Dataset excerpts:
------------------------------------------------------------------------

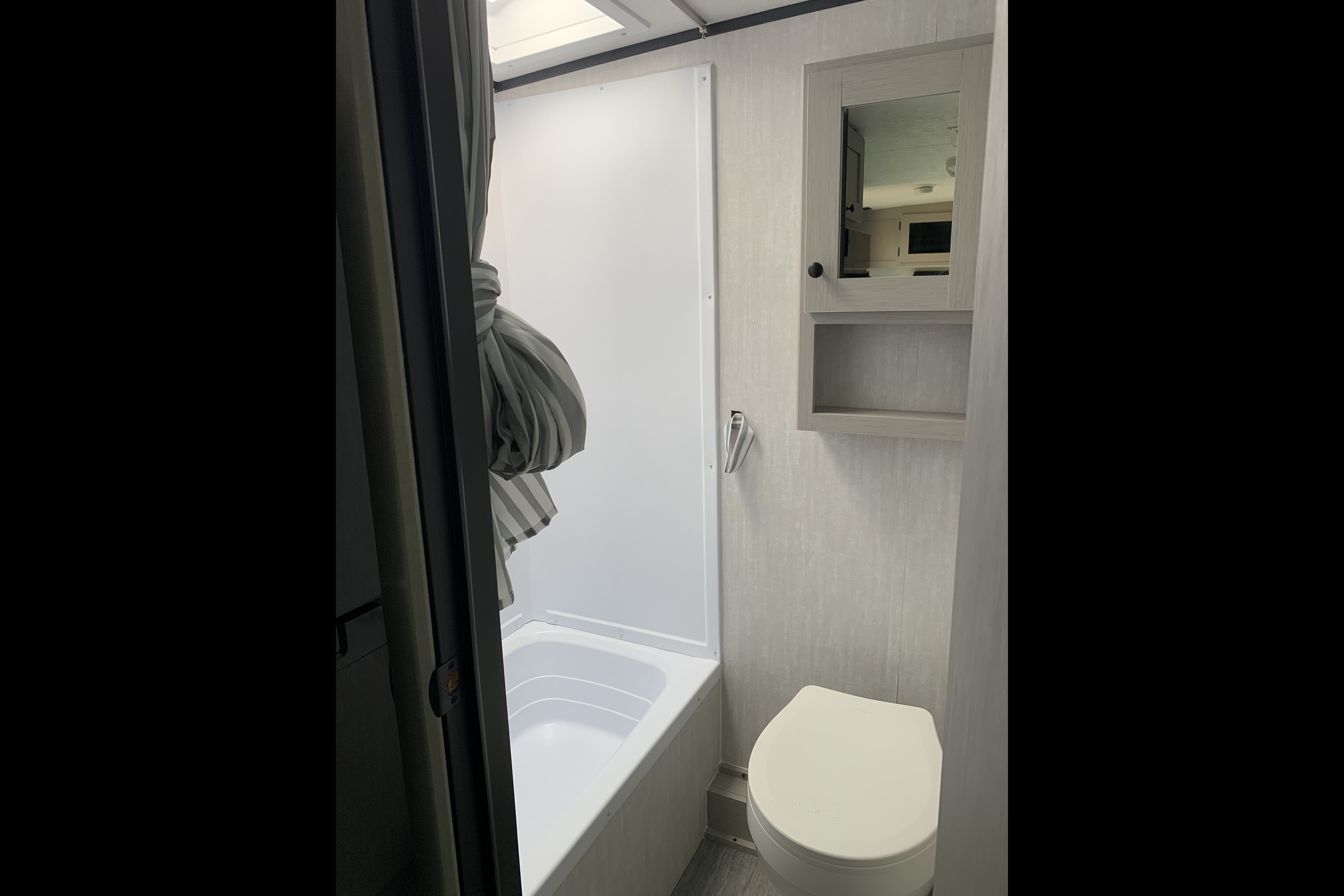 Brand New!!!!!! Coachmen Apex Nano Travel Trailer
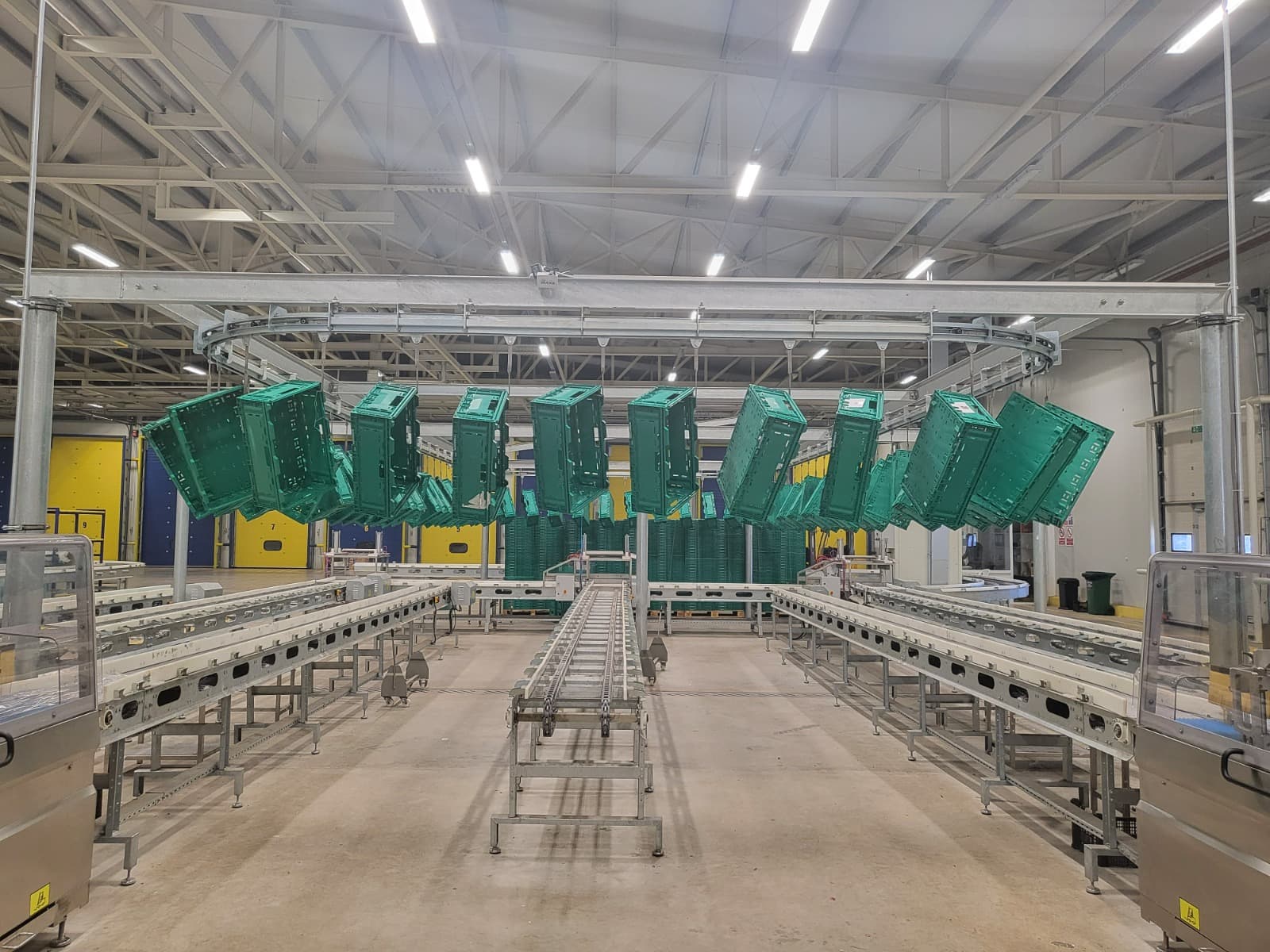 Overhead Conveyor Line - Vero Gıda banana processing and packing stage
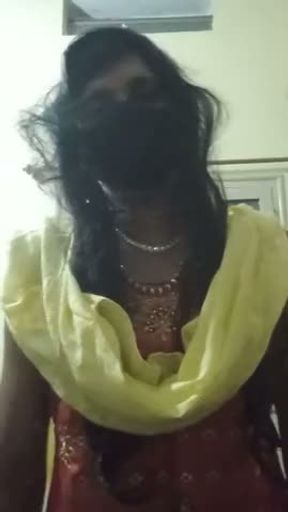 Sexy Indian Shemale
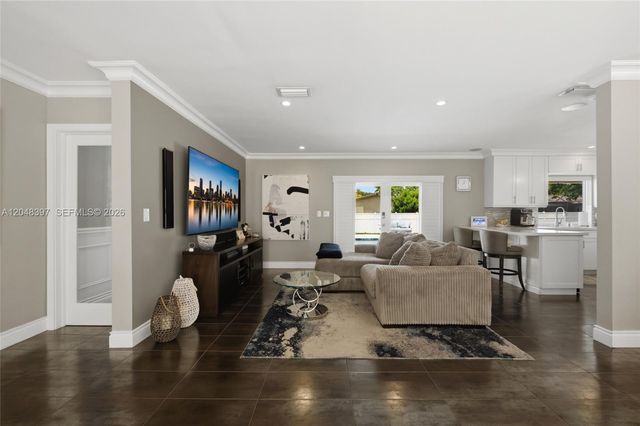 621 NW 74th Avenue, Plantation, FL 33317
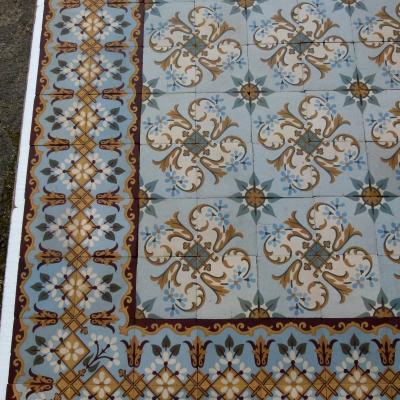 10m2 - Period French ceramic in a cool palette with double borders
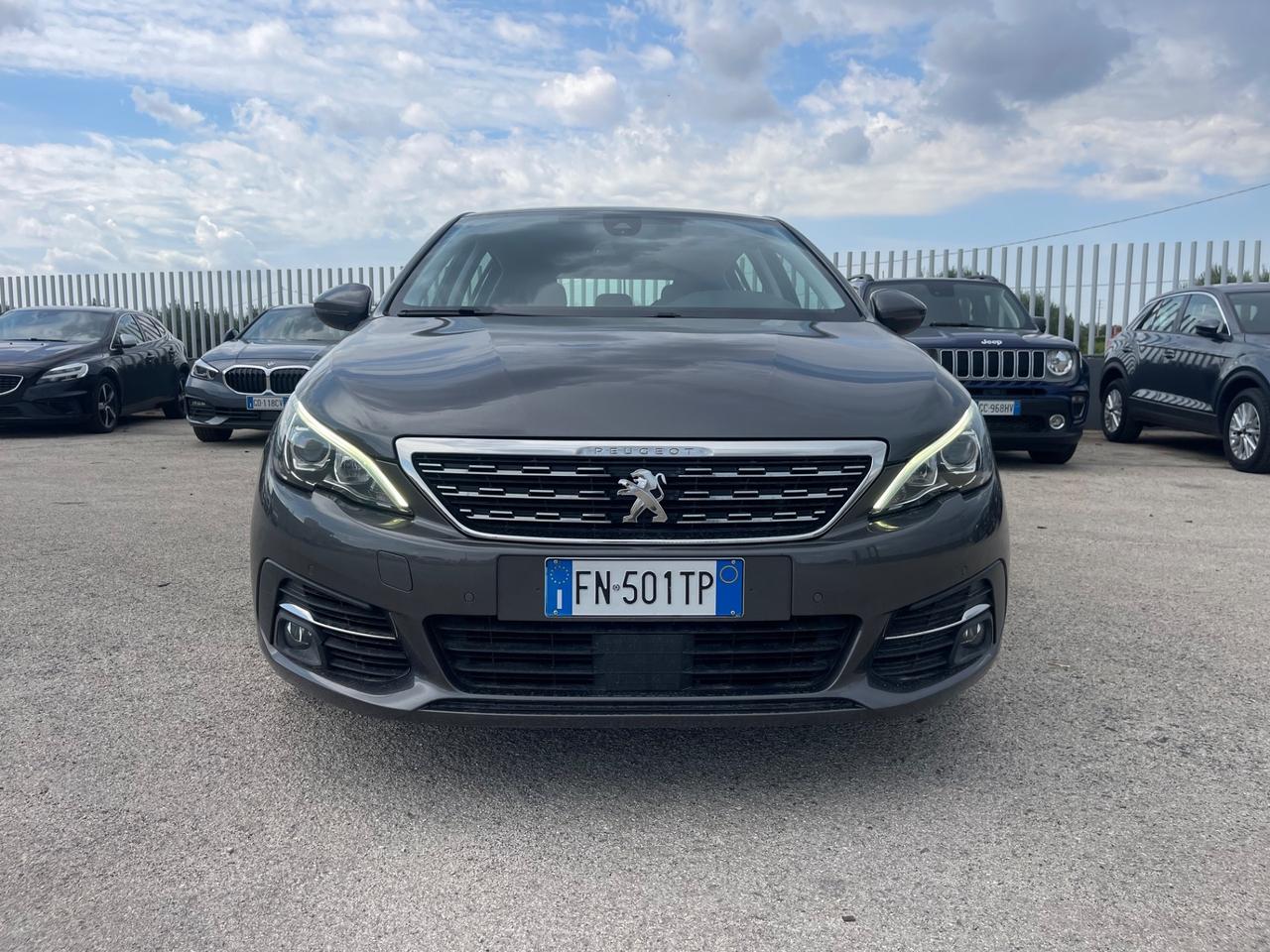 PEUGEOT 308 1.6 HDI 120CV BERLINA FULL LED MY18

------------------------------------------------------------------------

• **What to produce**
Return only the lines from the one containing "Overhead Conveyor Line" through the last line of the entries above, exactly as written and without pictures.

• **Solution to this problem**
 Overhead Conveyor Line - Vero Gıda banana processing and packing stage
 Sexy Indian Shemale
 621 NW 74th Avenue, Plantation, FL 33317
 10m2 - Period French ceramic in a cool palette with double borders
 PEUGEOT 308 1.6 HDI 120CV BERLINA FULL LED MY18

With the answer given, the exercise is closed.